The backup dump takes about 20 hours to complete and runs every day (69Gb compressed for a 1.2Tb database)
The load is sometimes pretty high
What I think we could do:
run the dump on another host, it’s the compression part that’s causing most of the CPU usage. Of course this means transferring the total database over the network. Unless it’s on the same VM server, maybe? Or give it more processors?

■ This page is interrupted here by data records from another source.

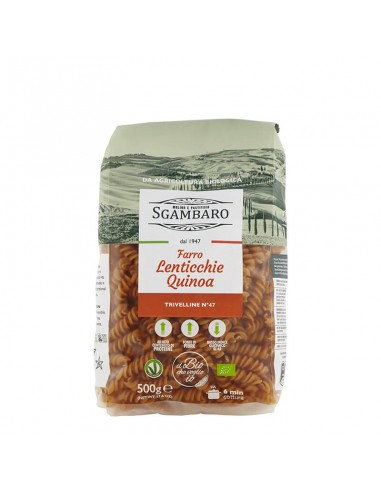 Trivelline di Farro con Lenticchie e Quinoa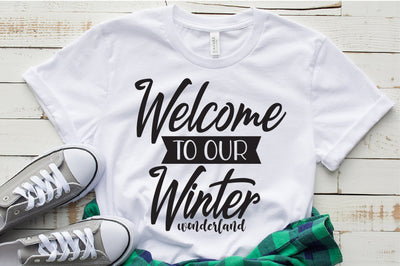 Welcome to Our Winter Wonderland SVG nirmal108roy 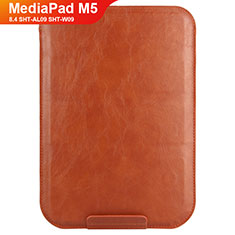 Leather Case Stands Flip Cover L08 for Huawei MediaPad M5 8.4 SHT-AL09 SHT-W09 Brown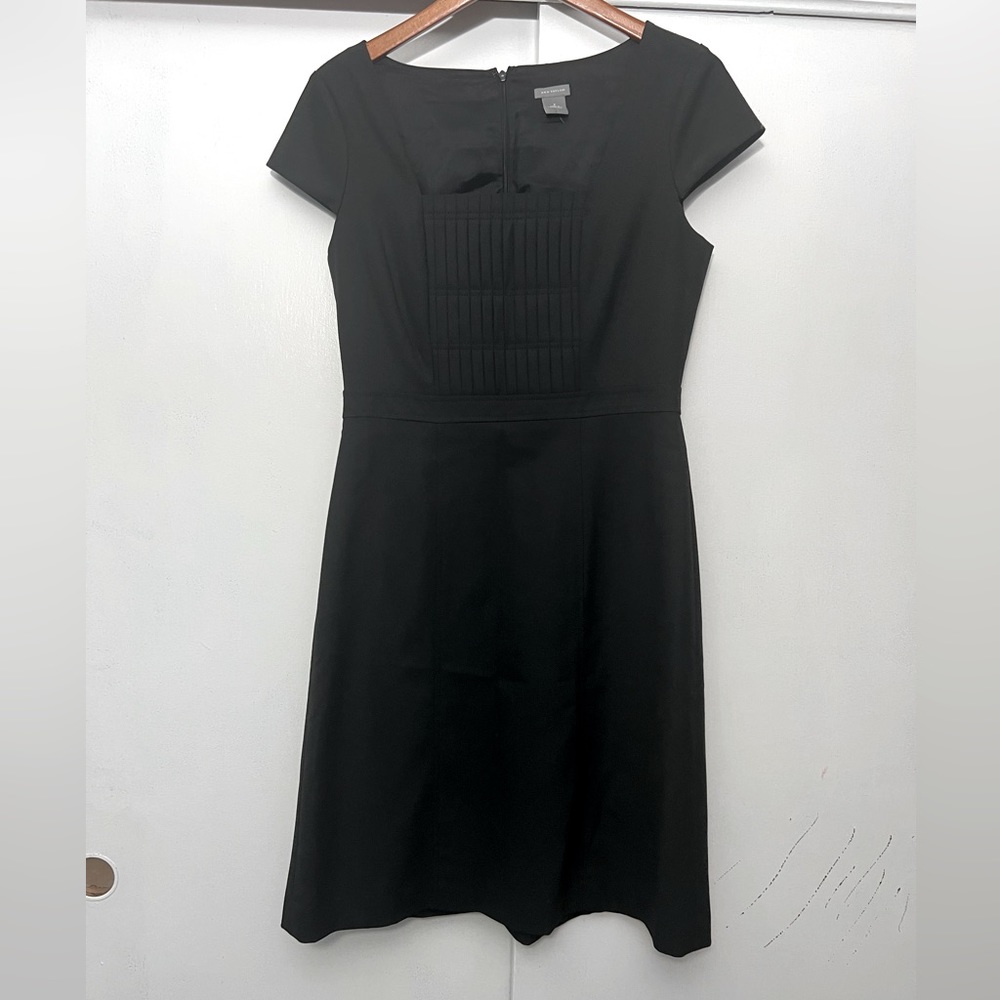 Solid Black size 8 fully lined dress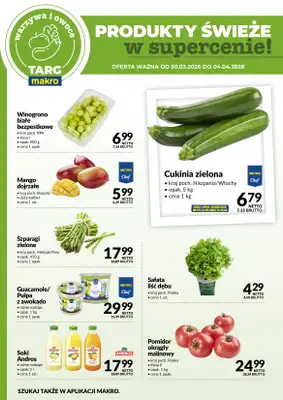 Makro - gazetka promocyjna Targ MAKRO - oferta świeża w super cenach! od poniedziałku 30.03 do soboty 04.04 - strona 5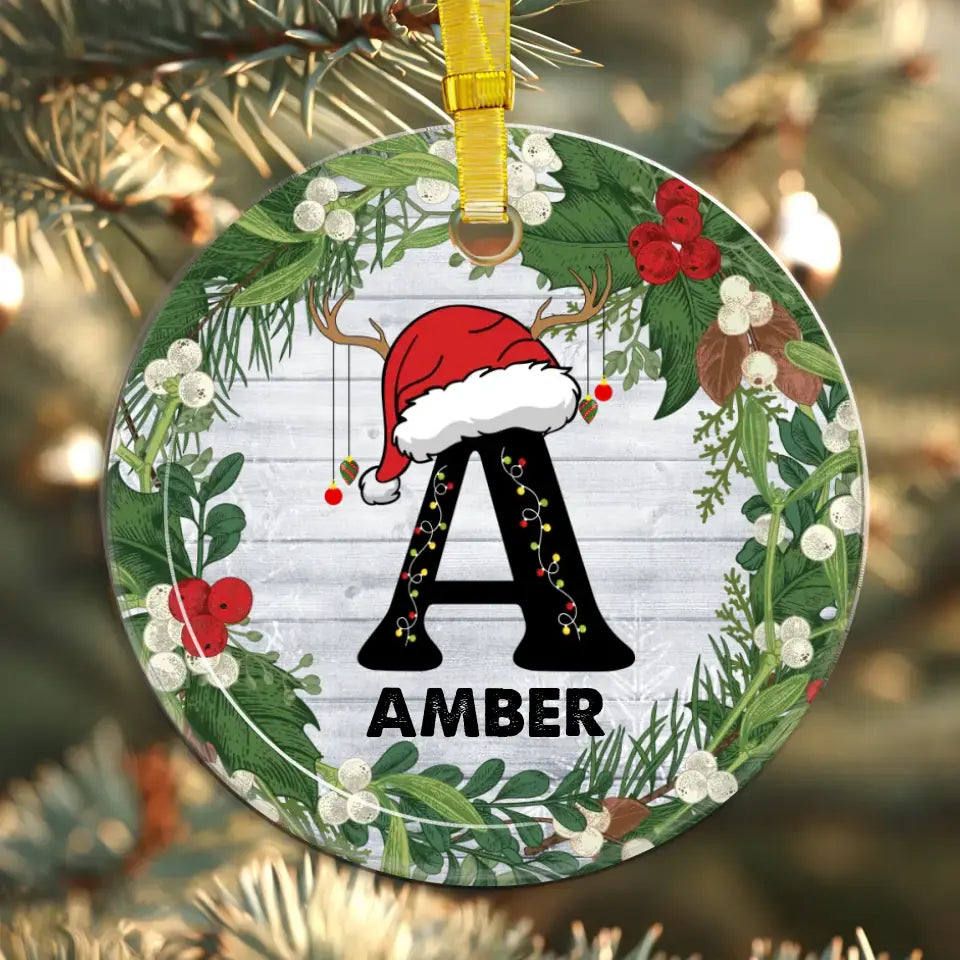 Christmas Alphabet - Custom Name - Ornament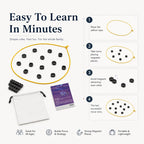 Set Magnetic Strategy Game - Rope Boundary with Round Pieces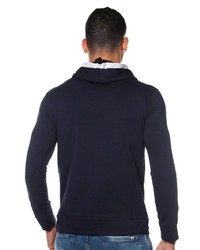 dunkelblauer Pullover mit einem Kapuze von Fiyasko Fashion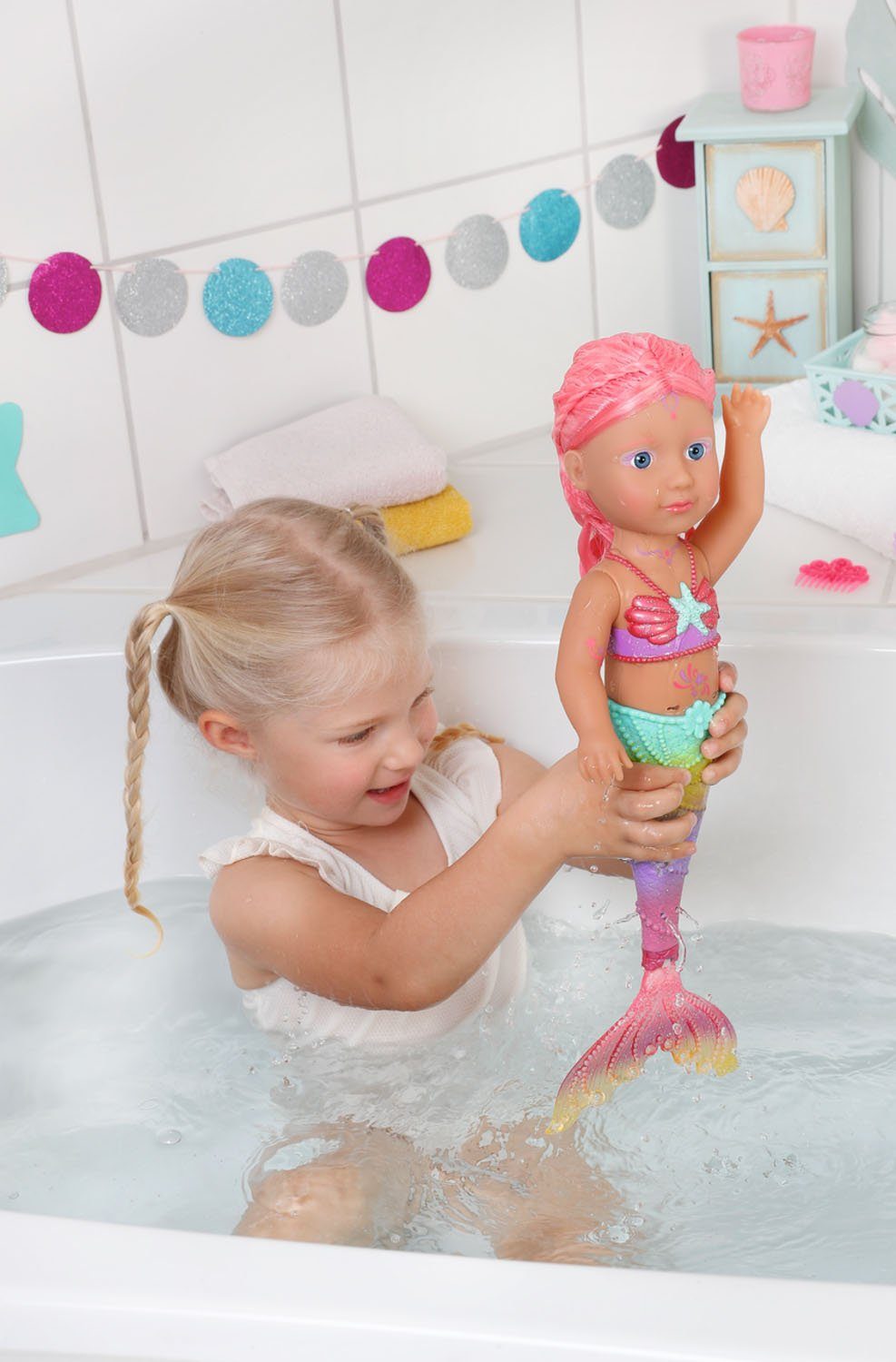 Baby Born Meerjungfrauenpuppe Little Sister Meerjungfrau, 46 cm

remove some data that we don’t need to store and avoid storing it in the future. The most frequent topic in the DB since 2024 is org.fedoraproject.prod.github.check_run, do we really want that? The next ones are org.fedoraproject.prod.copr.{build.start,build.stop,chroot.start}. I understand that we’d want to have build.start and build.stop, but maybe we can drop chroot.start. We may want to sit down and choose what we want to keep and what we don’t.

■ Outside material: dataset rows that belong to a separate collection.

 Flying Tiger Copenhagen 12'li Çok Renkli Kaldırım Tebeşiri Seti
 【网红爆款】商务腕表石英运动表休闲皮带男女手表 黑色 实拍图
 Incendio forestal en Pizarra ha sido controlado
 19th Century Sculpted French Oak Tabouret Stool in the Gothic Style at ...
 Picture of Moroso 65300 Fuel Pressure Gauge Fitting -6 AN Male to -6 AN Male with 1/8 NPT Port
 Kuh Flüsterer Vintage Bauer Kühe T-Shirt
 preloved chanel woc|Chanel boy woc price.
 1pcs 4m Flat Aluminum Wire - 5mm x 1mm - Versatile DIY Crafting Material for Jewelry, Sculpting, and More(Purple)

use materialized views and/or tweak PostgreSQL / TimescaleDB, and adjust the Datanommer code. I’m not sure this will be enough to solve the issue.

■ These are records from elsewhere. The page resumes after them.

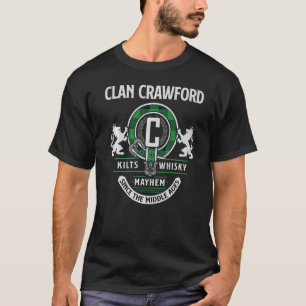 T-shirt Clan Crawford Scottish Nom Famille Highland Gam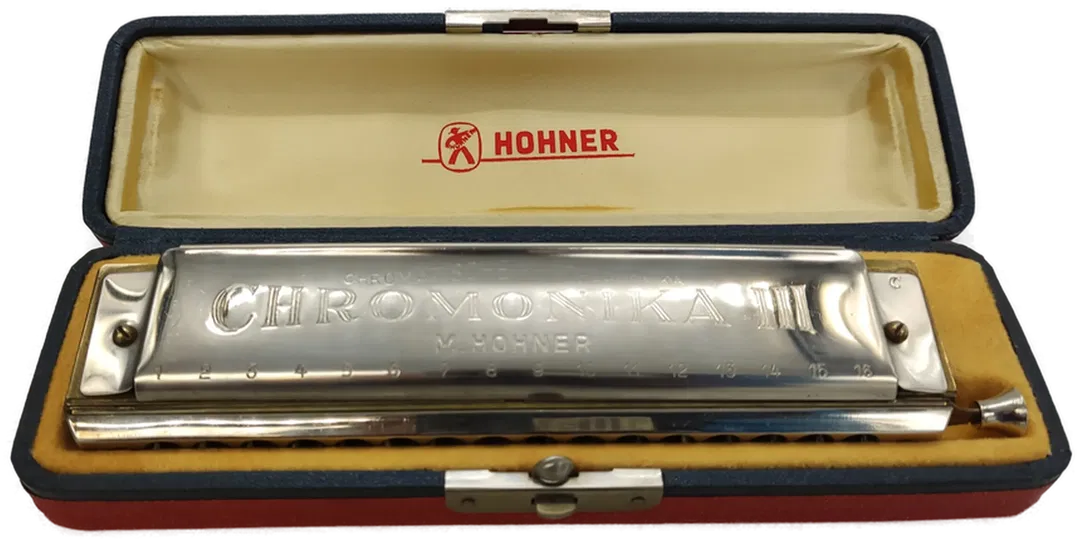 M.Hohner Chronmonika III 280  C  Mundharmonika 16 Kanäle mit Etui - Bild 1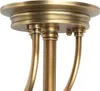 Deckenlampe Creme Messing E27 Glas Metall Jugendstil Produktbild-Vorschau 6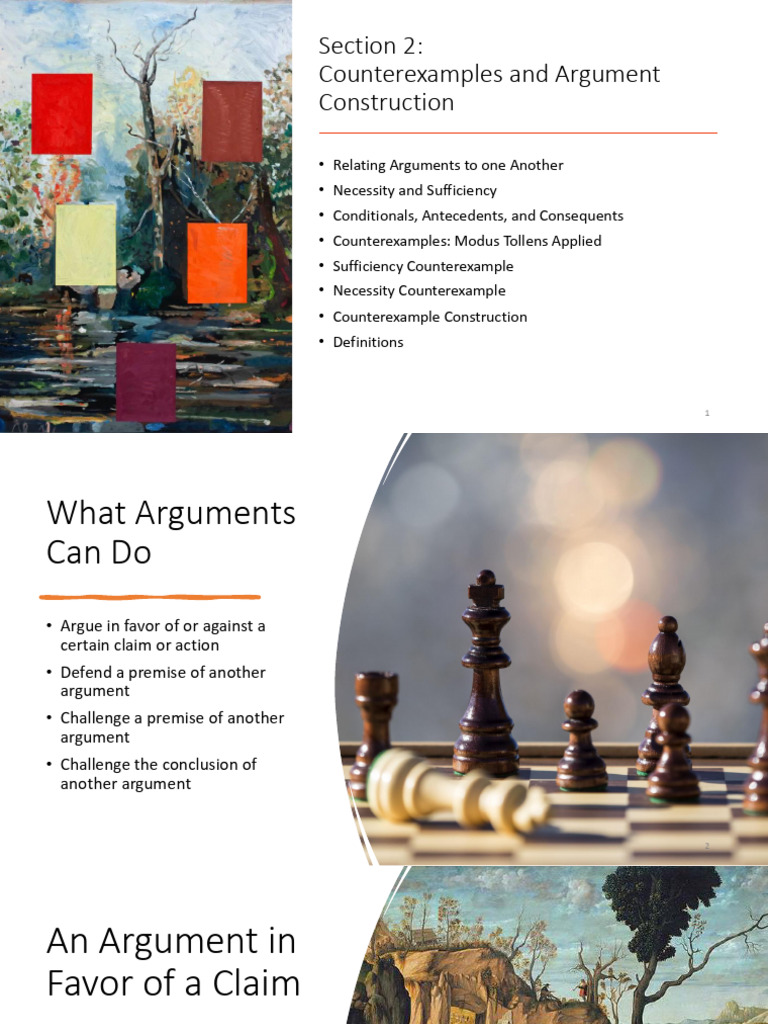 Counterexamples in Argumentation Analysis | PDF | Argument | Logic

Do we have a host to let the dump run on? I would prefer just moving the load to another machine before removing any data from database. But if we have topics that don’t make sense to archive I’m not against it.
At the moment the compressor (pxz) is running with -T4 which makes it use all 4 CPUs. Maybe we could run it with -T2 instead to leave some CPU power to the actual database? Or run the whole backup script with a high nice & ionice? The risk, of course, is that it starts taking more than 24h to complete. But that’s an issue we’ll have to face soonish anyway, I’d say.
If we had unlimited disk space and unlimited CPU power, I would recommend running a read-only mirror of the datanommer DB for Badges to hammer.
So, I am not a fan of adding shards/warm spares unless we can engineer it much better than the last time I tired it (which is possible, but I don’t think it’s a quick/easy thing).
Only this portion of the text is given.